Please restate all of the records word for word, setting the pictures aside.

##### Dataset

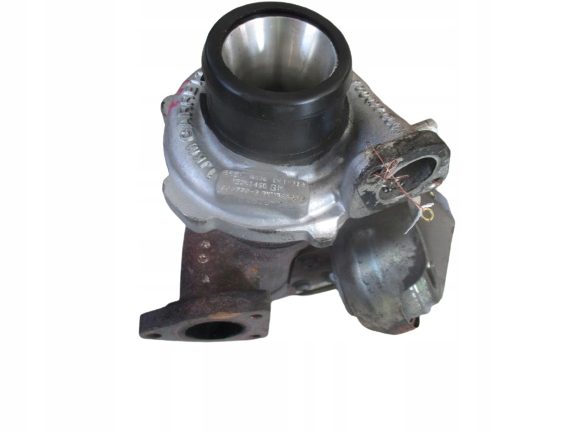 фото №1, Турбонагнетатель opel 2.0 cdti 55581460
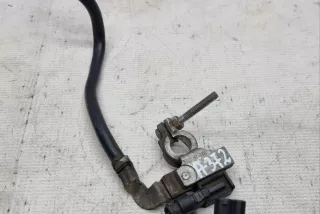 7616200 , art10292251 Клемма аккумулятора минус BMW 3 E90/E91/E92/E93 Арт 10292251, вид 1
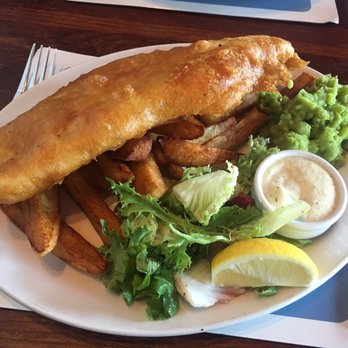 The Doric - Fish & chips - Bars Near Me - Edinburgh, EDH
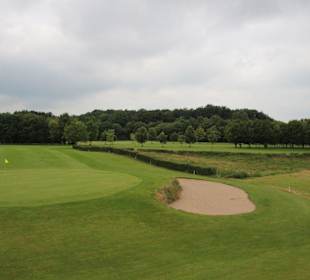 Blick in das Golf Gelände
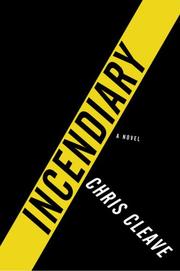Book Cover for INCENDIARY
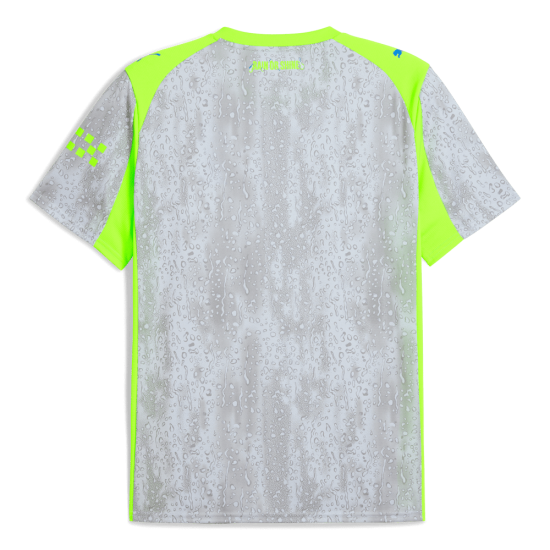 Mujer Manchester City 2025/26 Tercera Camiseta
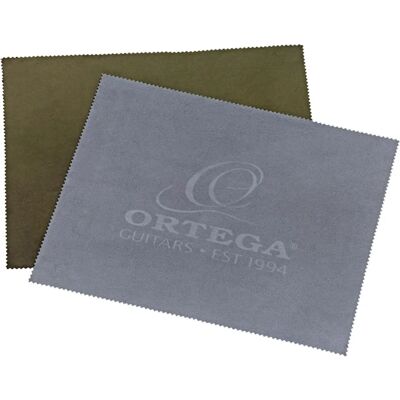Ortega OPC-GR-LG - Mikrofibrowe ściereczki - Zestaw 2 Ortega OPC-GR-LG - Mikrofibrowe ściereczki - Zestaw 2
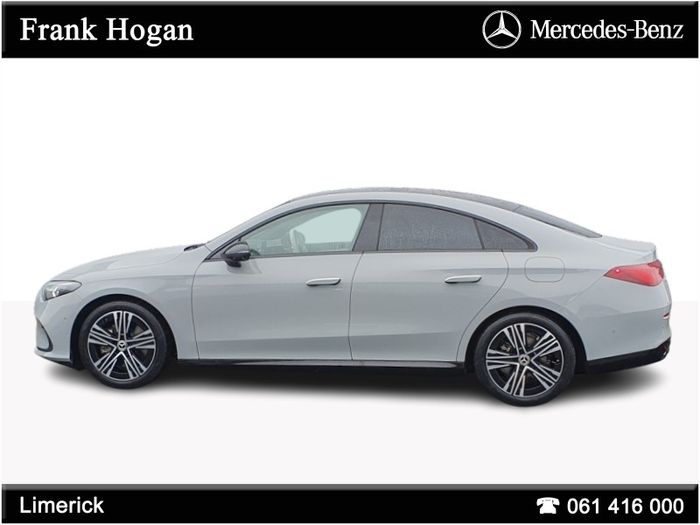 Mercedes-Benz CLA Class 2026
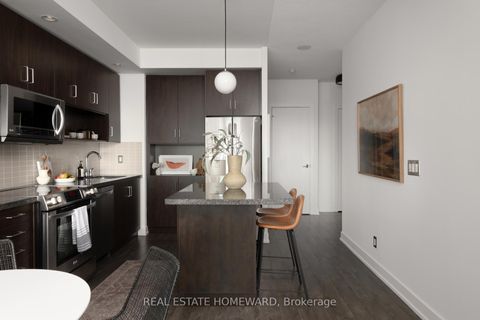 Photo 8 at 3408 - 120 Homewood Avenue, North St. James Town, Toronto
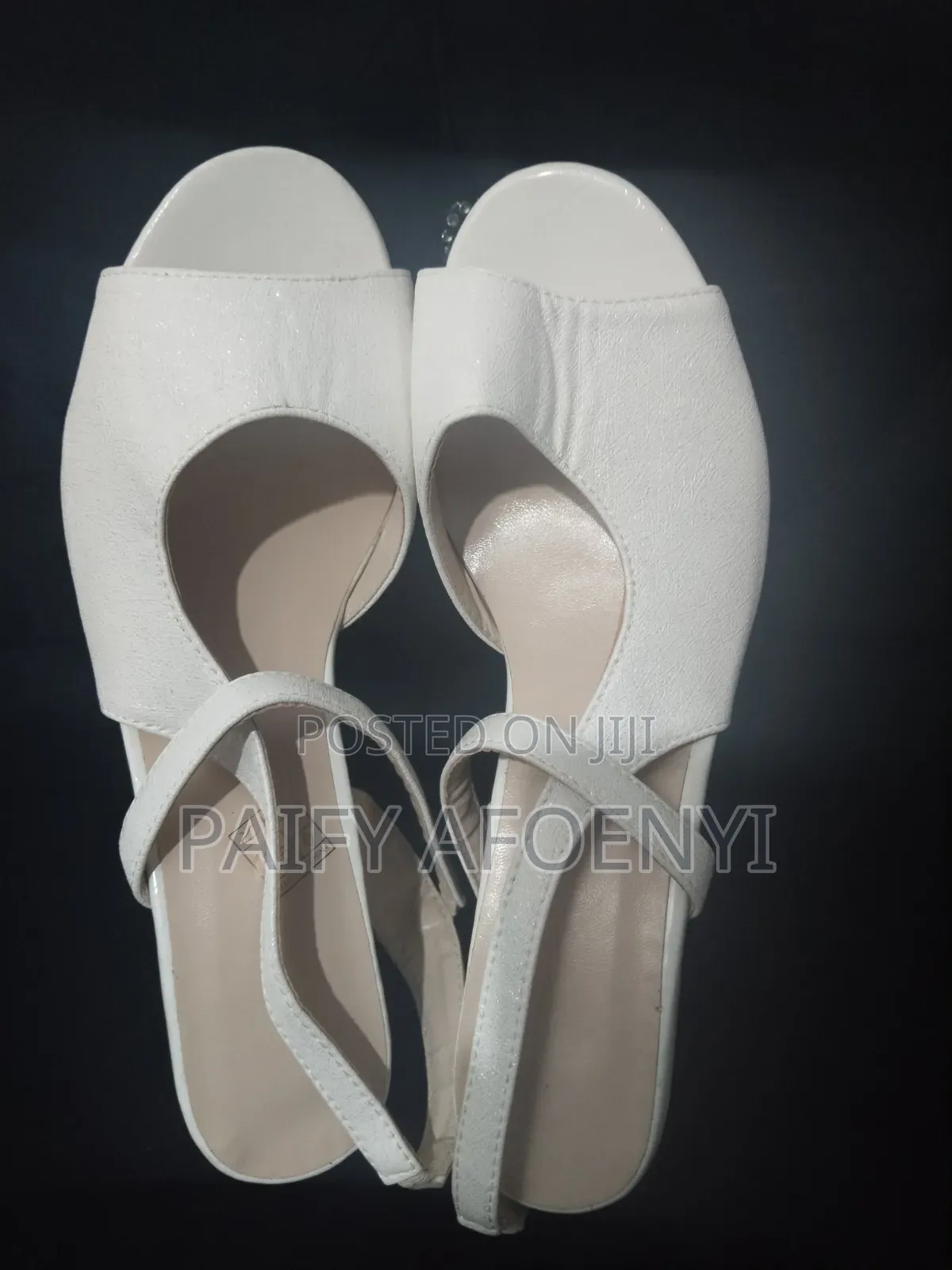 Sandal Heels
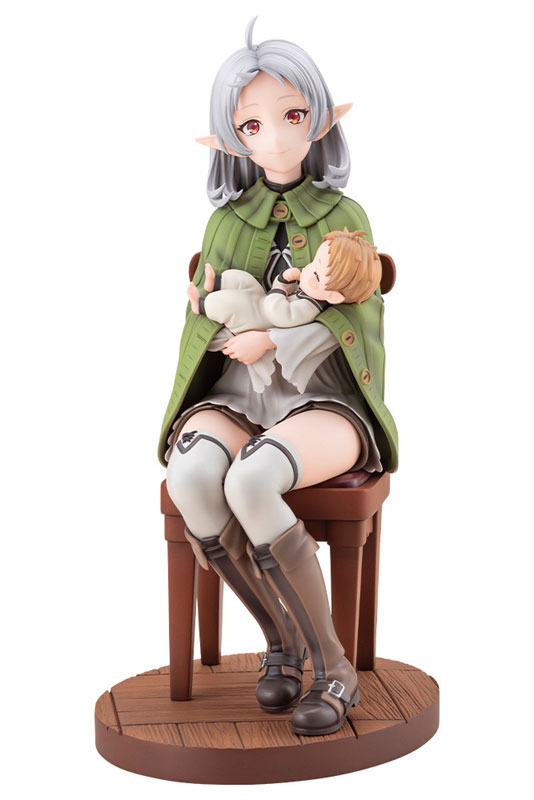 Kotobukiya 무직전생 III 실피에트 그레이랫 & 루시 그레이랫 1/7 완성품 피규어 이미지 11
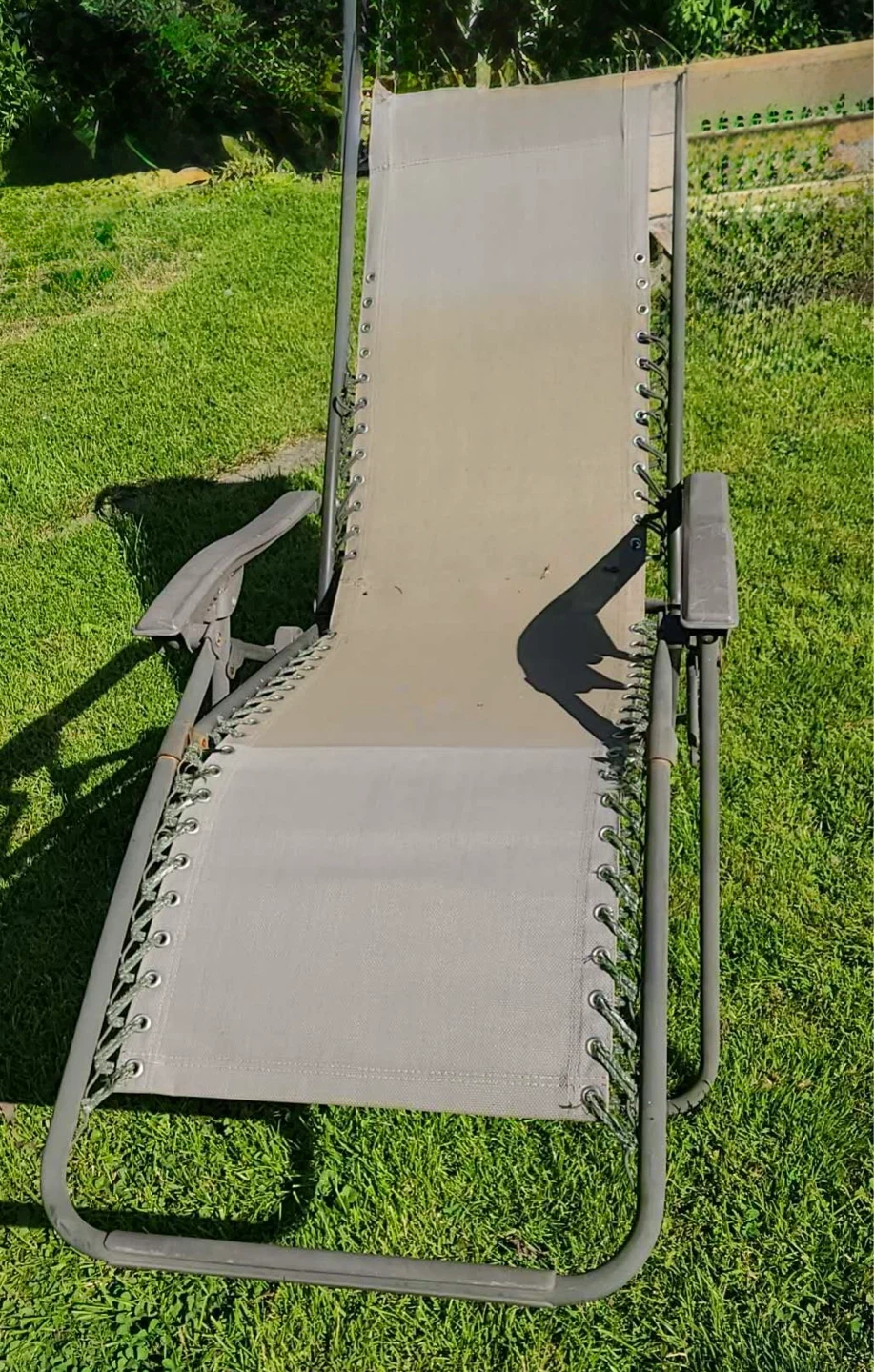 Zero Gravity Chair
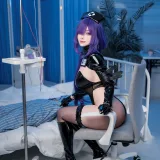 rioko凉凉子《痴女莫加多尔》主题写真：61张全套美图，含4个视频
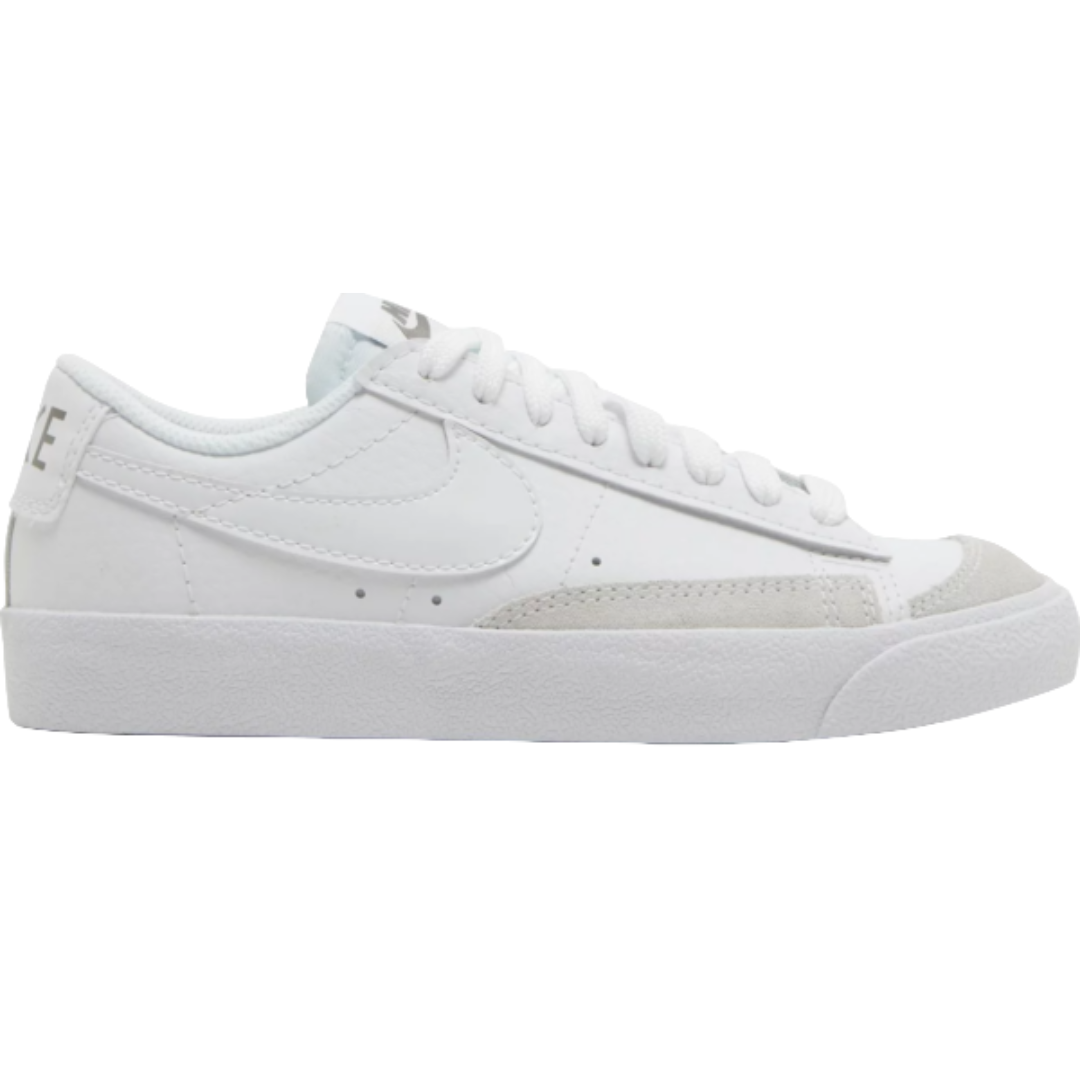 Nike Blazer Low 77 Black White | DA4074-110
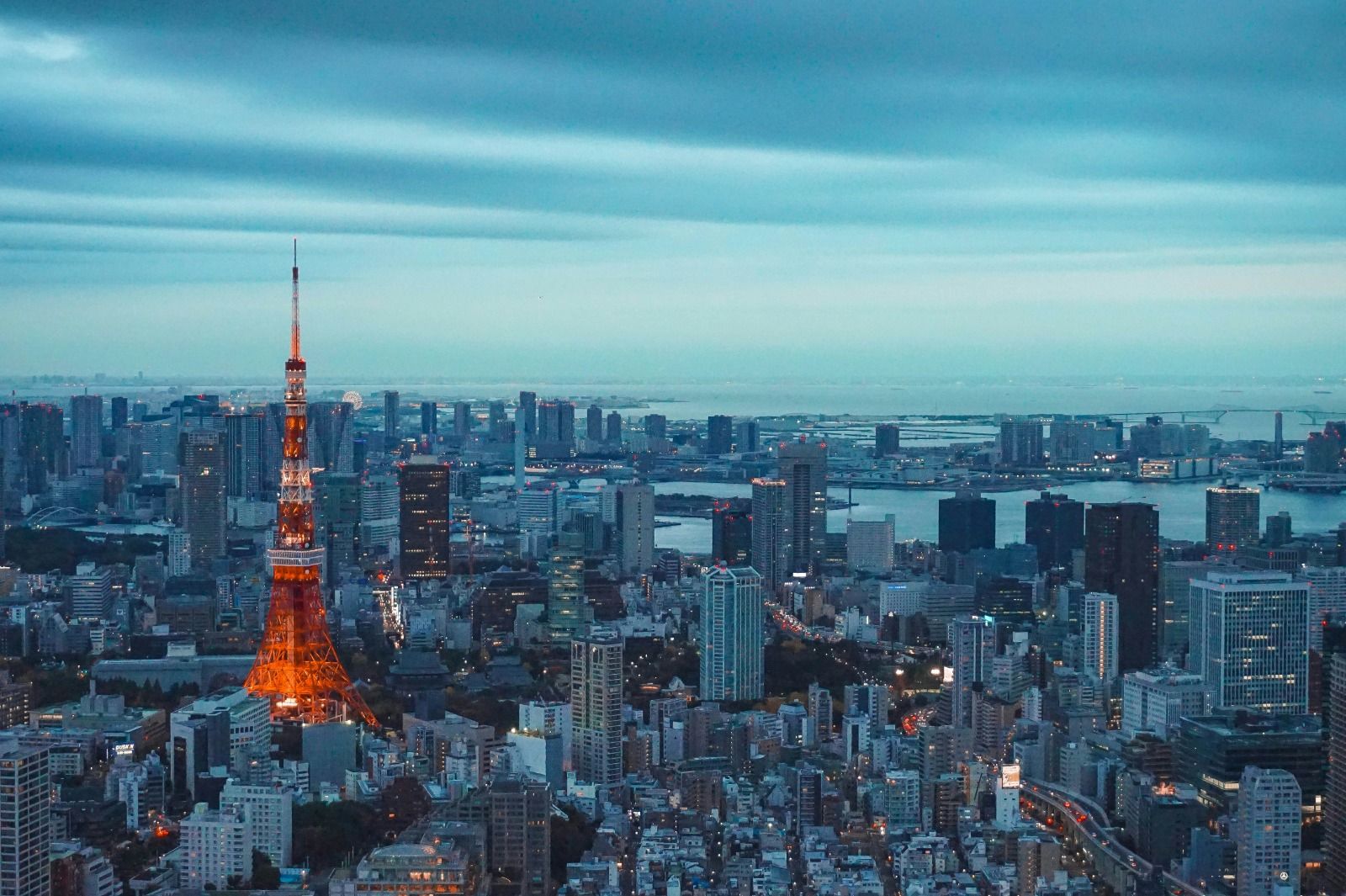 Japan 5 Days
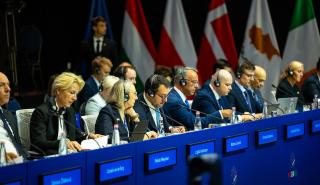 Σταϊκούρας: Η ενίσχυση της ασφάλειας των δικτύων είναι πυλώνας του ΔΕΔ-Μ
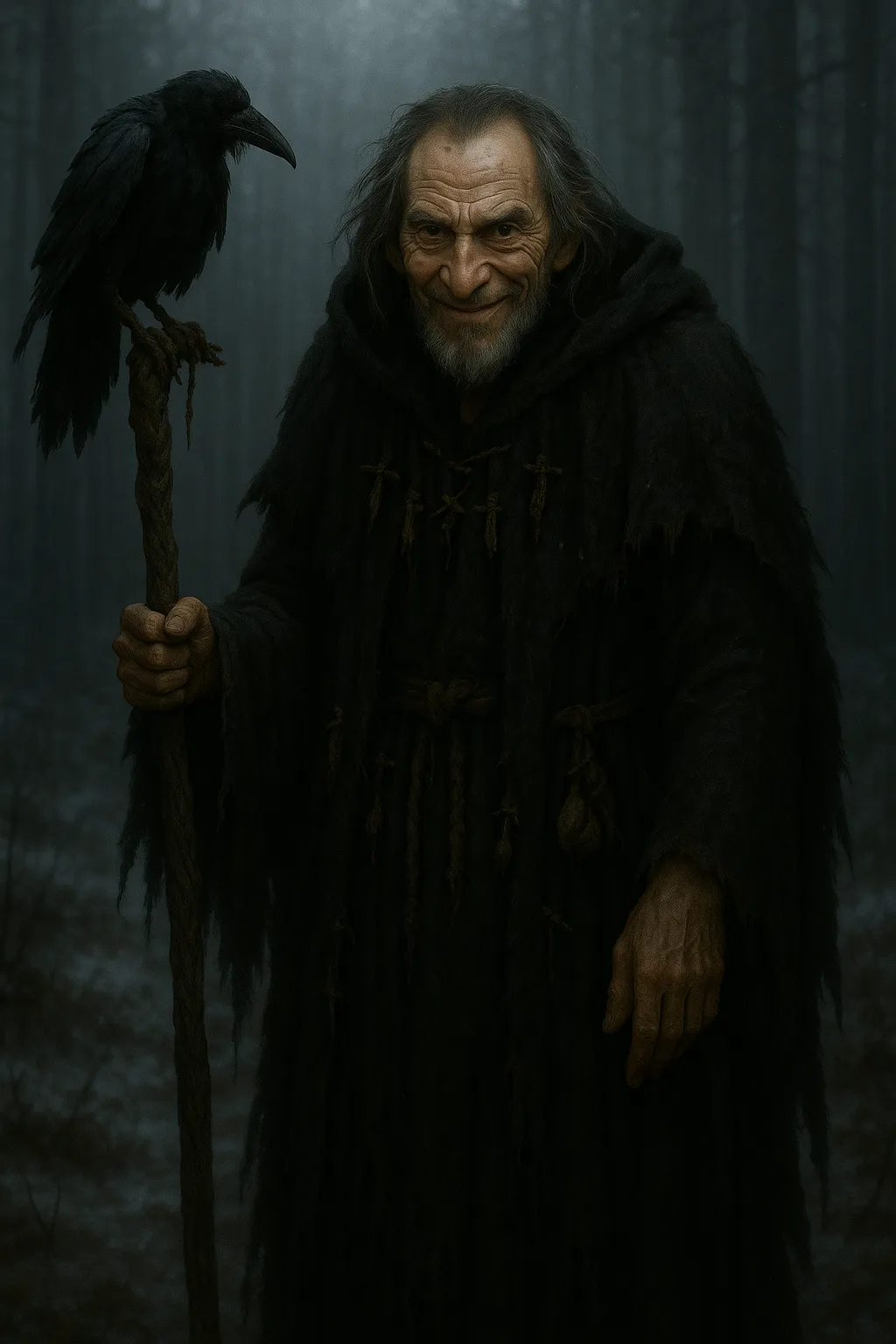 Halgrim the Crow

##########

#### Solution to this exercise
 фото №1, Турбонагнетатель opel 2.0 cdti 55581460
 7616200 , art10292251 Клемма аккумулятора минус BMW 3 E90/E91/E92/E93 Арт 10292251, вид 1
 The Doric - Fish & chips - Bars Near Me - Edinburgh, EDH
 Blick in das Golf Gelände
Book Cover for INCENDIARY
 Mujer Manchester City 2025/26 Tercera Camiseta
Ortega OPC-GR-LG - Mikrofibrowe ściereczki - Zestaw 2 Ortega OPC-GR-LG - Mikrofibrowe ściereczki - Zestaw 2
 Mercedes-Benz CLA Class 2026
 Photo 8 at 3408 - 120 Homewood Avenue, North St. James Town, Toronto
 Sandal Heels
 Kotobukiya 무직전생 III 실피에트 그레이랫 & 루시 그레이랫 1/7 완성품 피규어 이미지 11
 Zero Gravity Chair
 rioko凉凉子《痴女莫加多尔》主题写真：61张全套美图，含4个视频
 Nike Blazer Low 77 Black White | DA4074-110
 Japan 5 Days
 Σταϊκούρας: Η ενίσχυση της ασφάλειας των δικτύων είναι πυλώνας του ΔΕΔ-Μ
 Halgrim the Crow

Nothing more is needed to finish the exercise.